Over the weekend I made a stunning discovery. Longtime consumer activist Ralph Nader and I have something in common; we are both frustrated Cisco shareholders. According to the Wall Street Journal, Mr. Nader also sent a letter to John Chambers expressing his frustration over the company’s lackluster performance over the past decade. In his letter sent on June 13, Mr. Nader reprimanded John Chambers for not only his poor execution but he also demanded that Cisco share its cash with its shareholders. In his letter, Nader wrote:
It is time for a long-overdue Cisco shareholder revolt against a management that is oblivious to building or even maintaining shareholder value
It is very rare that a public personality would call out an officer of a company in this manner. Nader has had a history of altruism; that is how he has made his name, upon which he once ran for president. But I would be naïve to think this is one of these examples. You see, Nader has been a Cisco shareholder since the peak of the dot.com bubble in 2000. His Cisco holdings were once valued at approximately 1 million and are now worth a paltry $270K. Nevertheless, whether his motives are altruistic or not, the message to John Chambers is being sent from all levels; shareholders demand better results or some cash. I don’t mind being pacified until better execution reverses the stock’s trend.
On March 19 Cisco “reluctantly” agreed to pay a modest $0.06 quarterly dividend with the first payout being issued to shareholders on April 20. I say “reluctantly” because investors have been demanding it for years before it was approved. But as I have written previously, the company didn’t really have a choice but to relent. To its credit Cisco has attempted some means of increasing shareholder value through a combination of both a 5% cash buyback and the recent dividend.
The company continues to face questions about the strength of its core networking business. Sometime it reminds me of an athlete who is still good enough to start for the team, but is just no longer an all-star caliber player. It seems Cisco has a hard time dealing with age. The company is now considered “mature” and is simply no longer a growth business. The sooner executives realize this, the more they will be able to adapt to not only their execution needs, but also the demands of their shareholders. This is what John Chambers has yet to realize and hopefully Mr. Nader was able to translate by calling for a revolt.

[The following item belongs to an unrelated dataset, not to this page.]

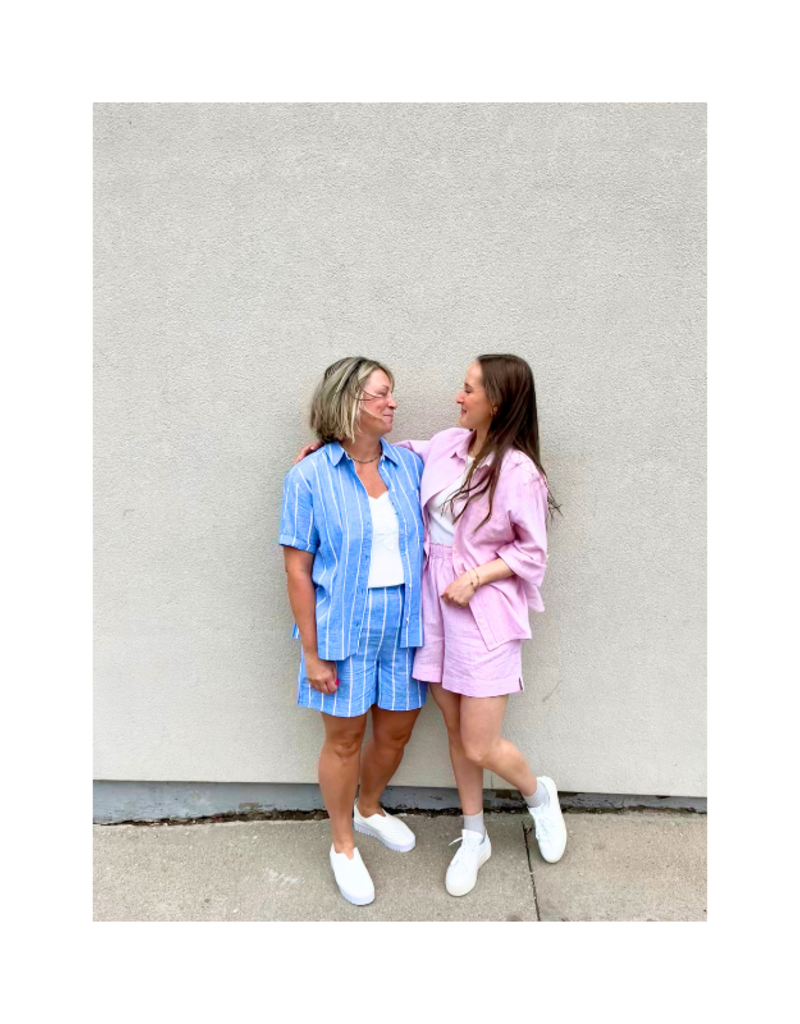Part Two Rigge Short in Pink Nectar by Part Two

According to Yahoo Finance, Cisco has $43.37 billion cash on hand. As nice as the dividend would be, I think the cash would be better served to make one more acquisition that I think would put the company well in position to dominate cloud traffic for years to come. Cisco should buy Level 3 (LVLT) Communications. I’ve said this in a previous article and I can’t help but think how the two companies can benefit one another. Also, consider the fact that Cisco already has its bread-and-butter networking components as well as a growing server business, acquiring Level 3 would allow it to become an “end-to-end total service solution” provider that rivals that of IBM (IBM), Oracle (ORCL) and Hewlett-Packard (HPQ).
When one looks at Cisco from a fundamental perspective, one will see a company with $25 billion of net cash that trades at less than nine times earnings, which has provided double-digit returns on capital, and is still a dominant player in its industry; fundamentally, the company is strong. The stock continues to languish but I still recommend it as a buy from a fundamental perspective; frankly it remains cheap at under $15 per share.
In my last article demanding Cisco make a decision between John Chambers and me, I told investors that I am willing to give the company through December of this year to turn things around; or just under 6 months. But if Ralph Nader is proven to have the ear of John Chambers, investors may not have to wait so long. I agree with Mr. Nader, Cisco should pay me to stay.